- Opening Delimiter -

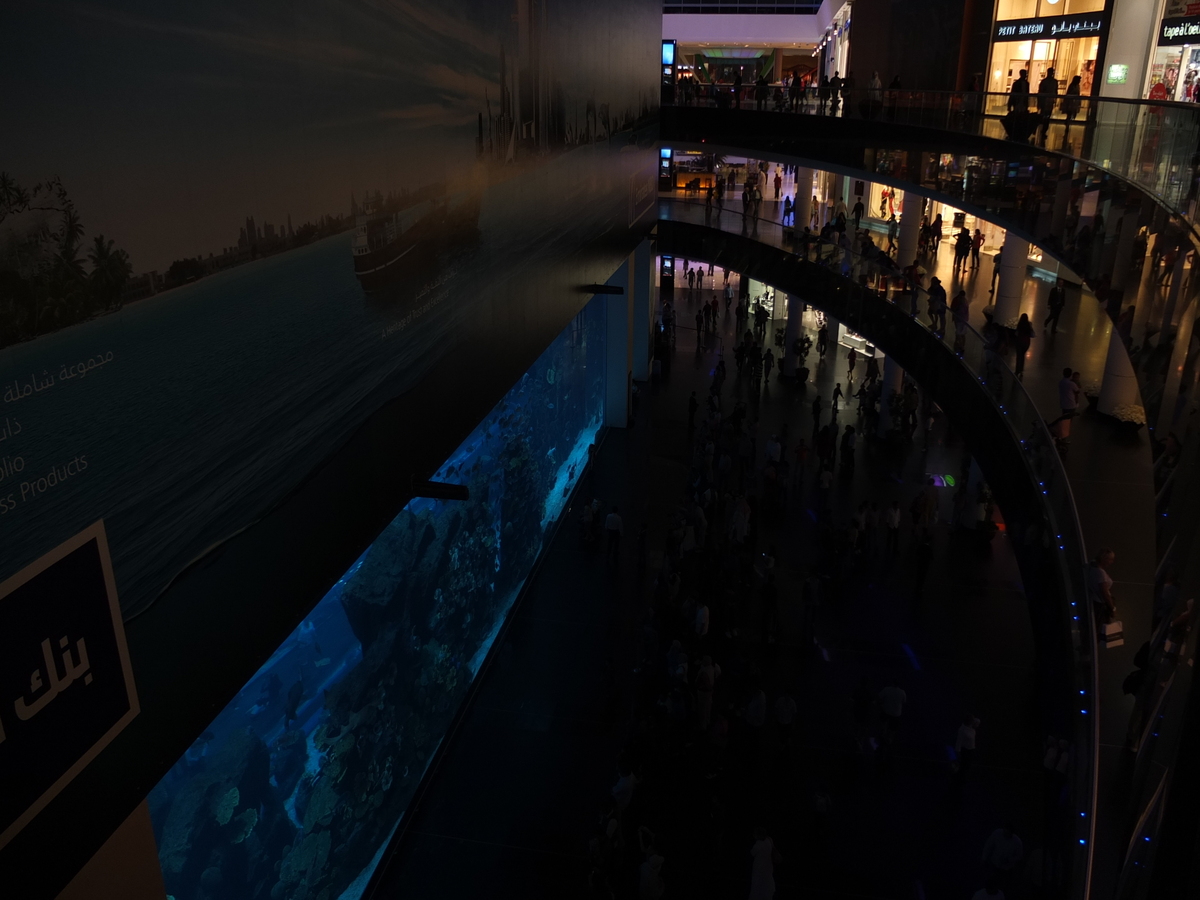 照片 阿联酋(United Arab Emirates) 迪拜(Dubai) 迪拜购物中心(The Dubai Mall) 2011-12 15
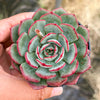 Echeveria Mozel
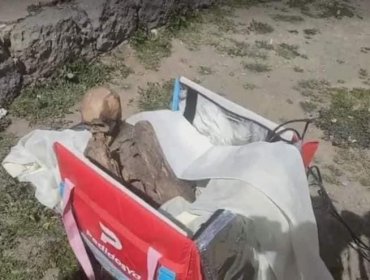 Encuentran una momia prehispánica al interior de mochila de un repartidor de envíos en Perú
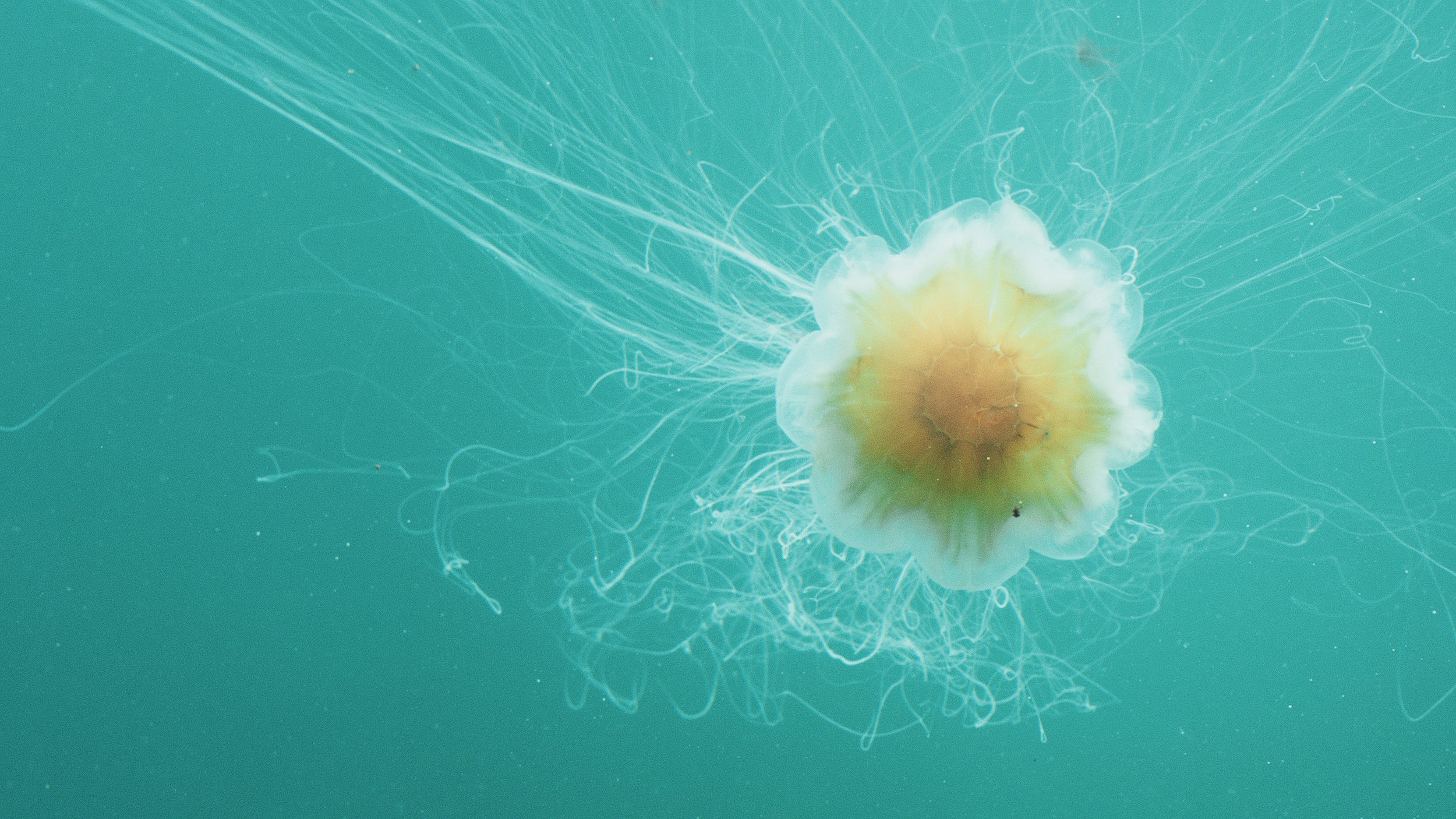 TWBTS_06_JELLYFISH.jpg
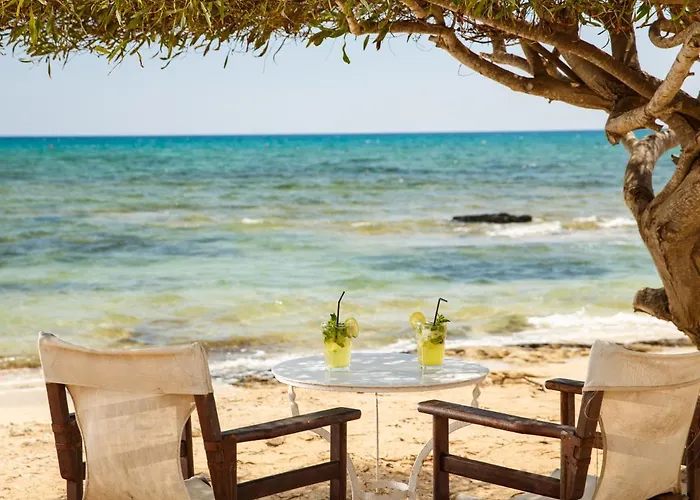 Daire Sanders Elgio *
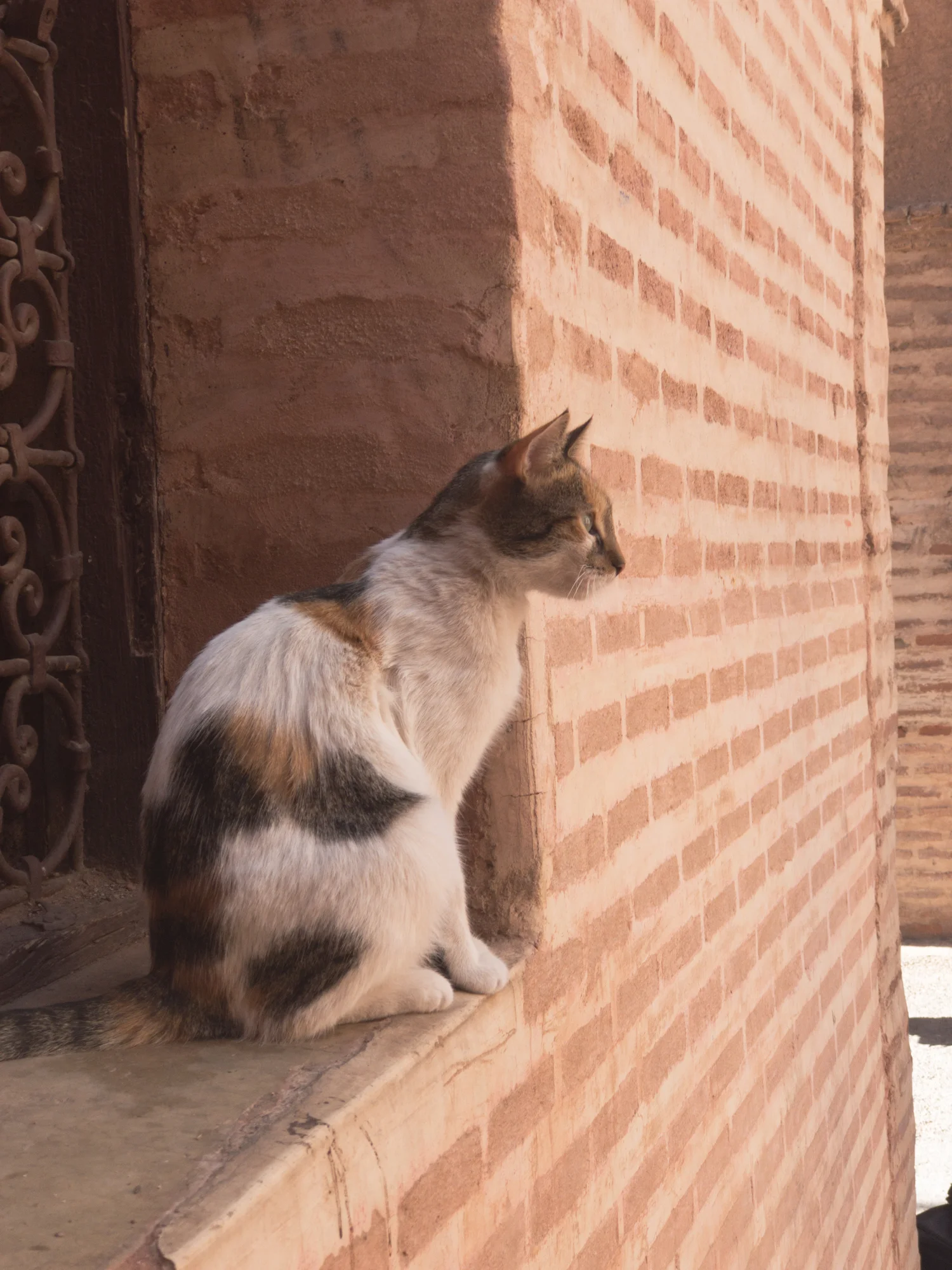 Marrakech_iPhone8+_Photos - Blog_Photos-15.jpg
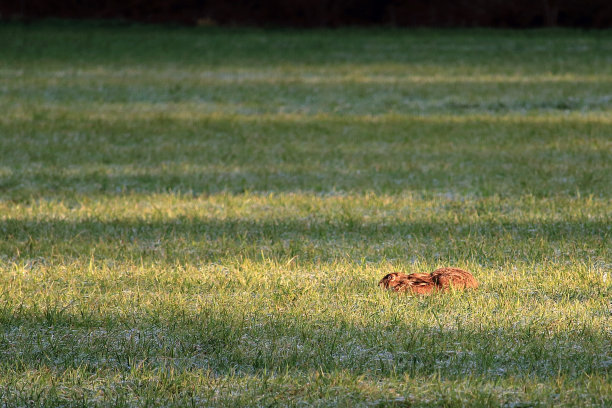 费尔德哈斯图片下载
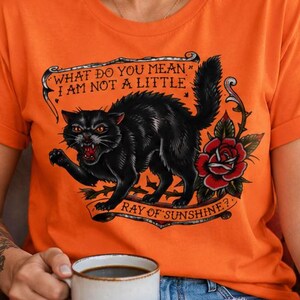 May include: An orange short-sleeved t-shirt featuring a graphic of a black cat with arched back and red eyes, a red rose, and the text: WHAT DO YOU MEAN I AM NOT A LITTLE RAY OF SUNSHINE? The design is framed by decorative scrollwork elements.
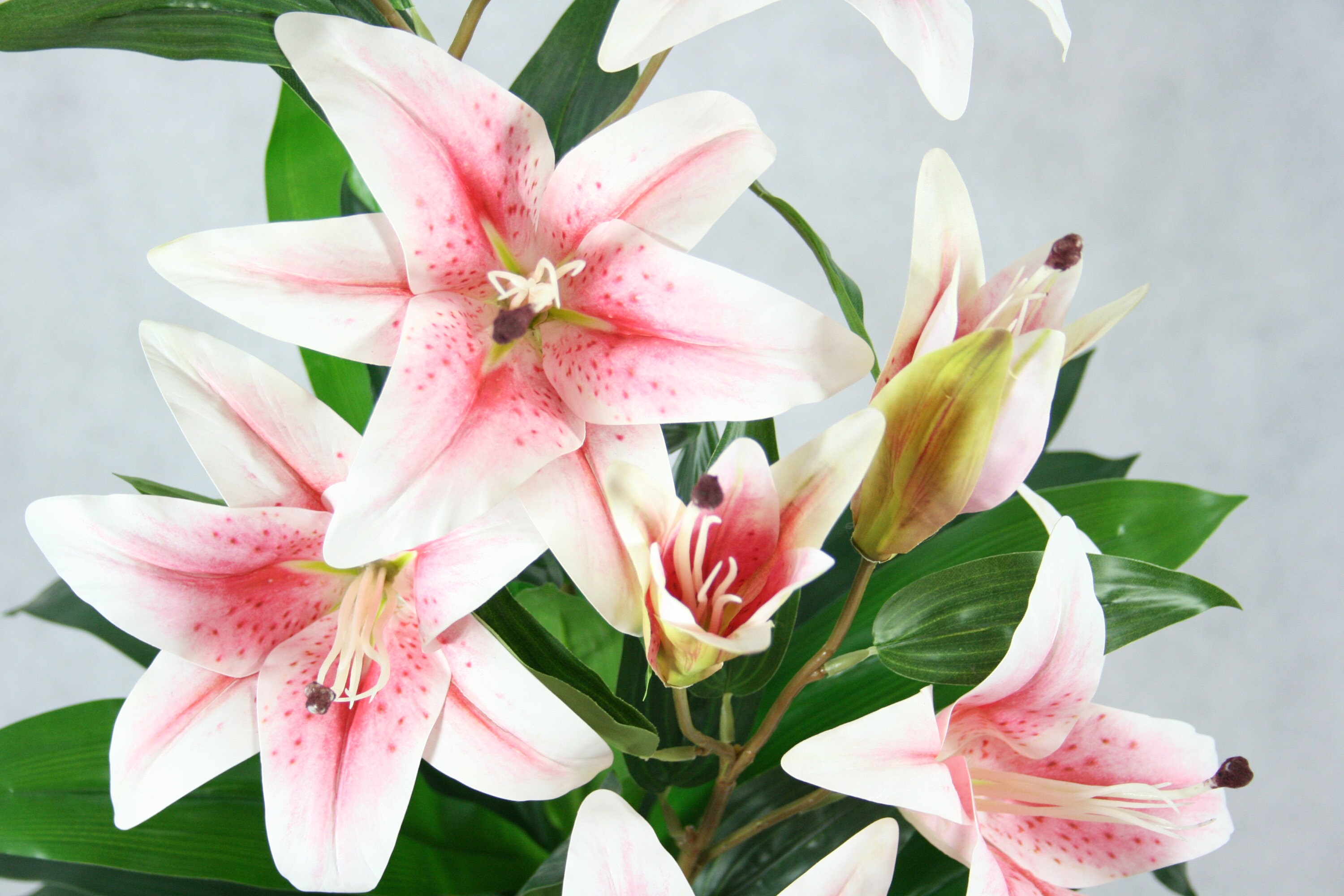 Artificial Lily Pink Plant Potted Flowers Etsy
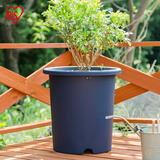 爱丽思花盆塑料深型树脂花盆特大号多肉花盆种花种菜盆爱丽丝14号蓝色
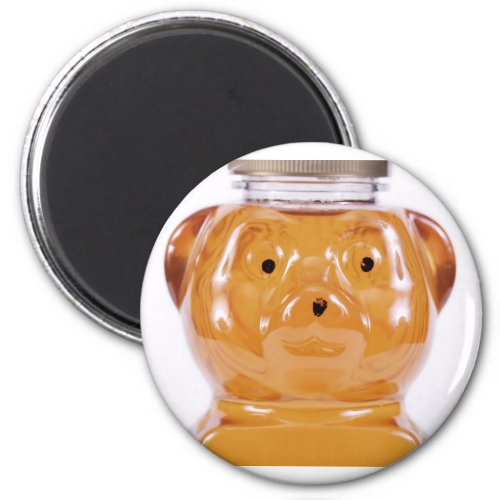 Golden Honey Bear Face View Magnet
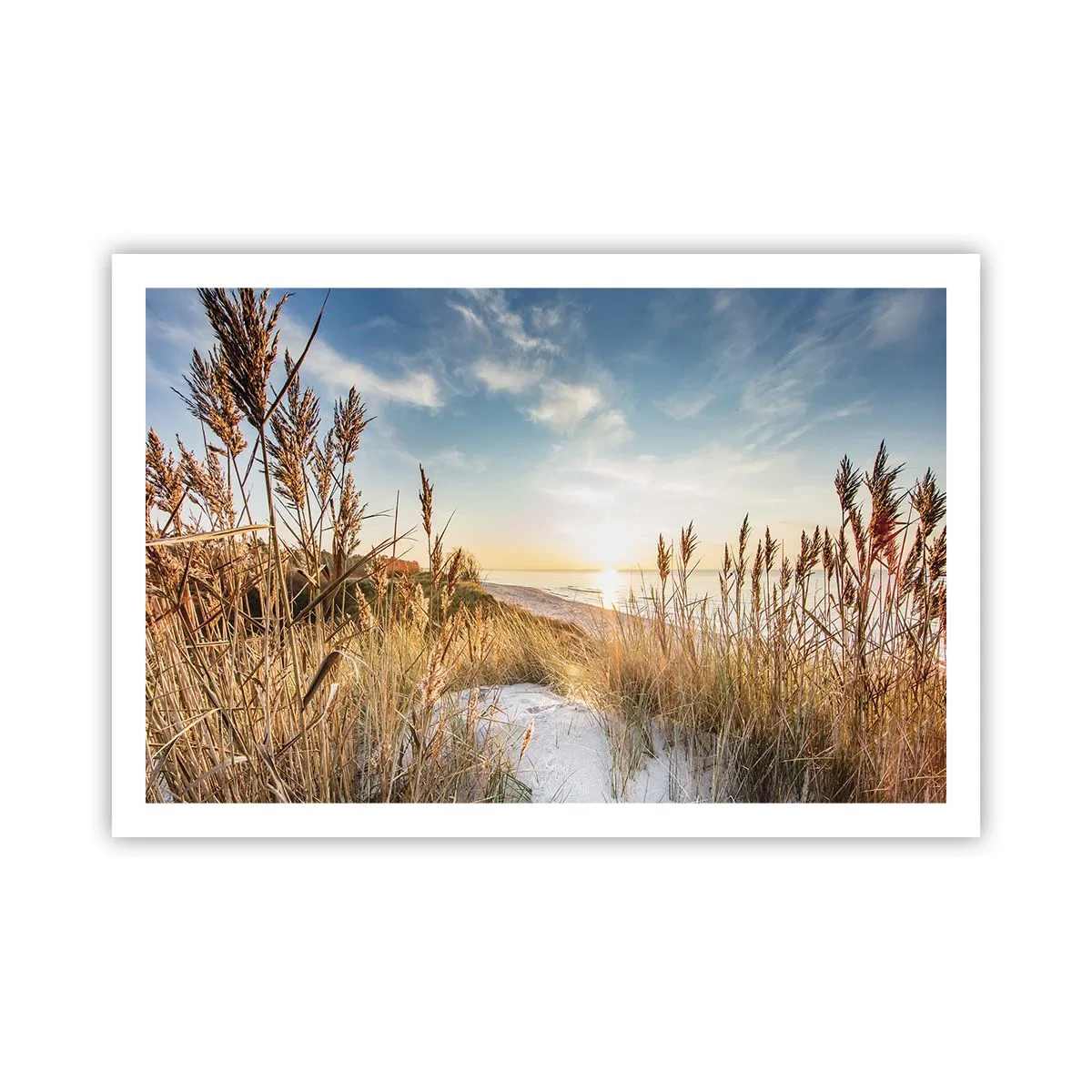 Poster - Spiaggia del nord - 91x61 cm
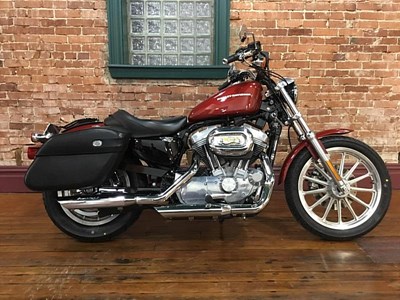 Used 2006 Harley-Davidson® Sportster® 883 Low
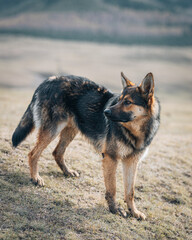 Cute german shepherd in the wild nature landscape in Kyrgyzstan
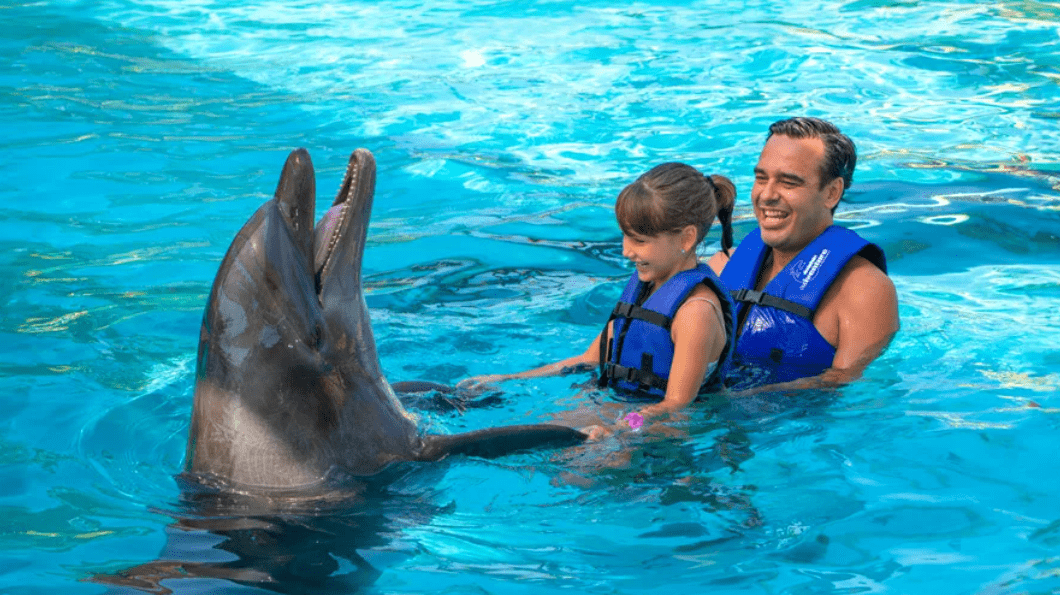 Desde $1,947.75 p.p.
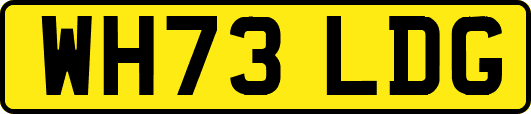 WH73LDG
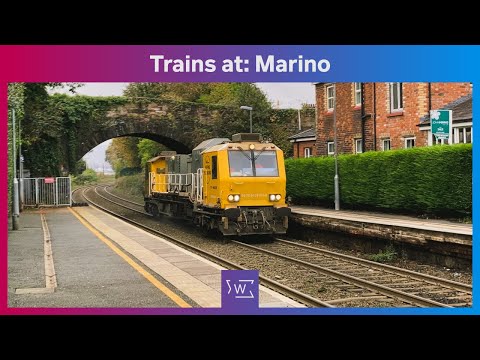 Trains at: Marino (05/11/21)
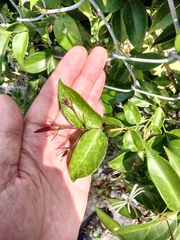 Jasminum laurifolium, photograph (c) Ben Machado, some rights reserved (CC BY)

- Closing Delimiter -

REQUIRED ACTION = Set down exactly, from the line that contains "Used 2006 Harley-Davidson®" through the last line of the data, each line as it stands, and leave the pictures out.

OUTPUT FOR THIS TASK =
 Used 2006 Harley-Davidson® Sportster® 883 Low
 Cute german shepherd in the wild nature landscape in Kyrgyzstan
 Desde $1,947.75 p.p.
 WH73LDG
 Trains at: Marino (05/11/21)
 Jasminum laurifolium, photograph (c) Ben Machado, some rights reserved (CC BY)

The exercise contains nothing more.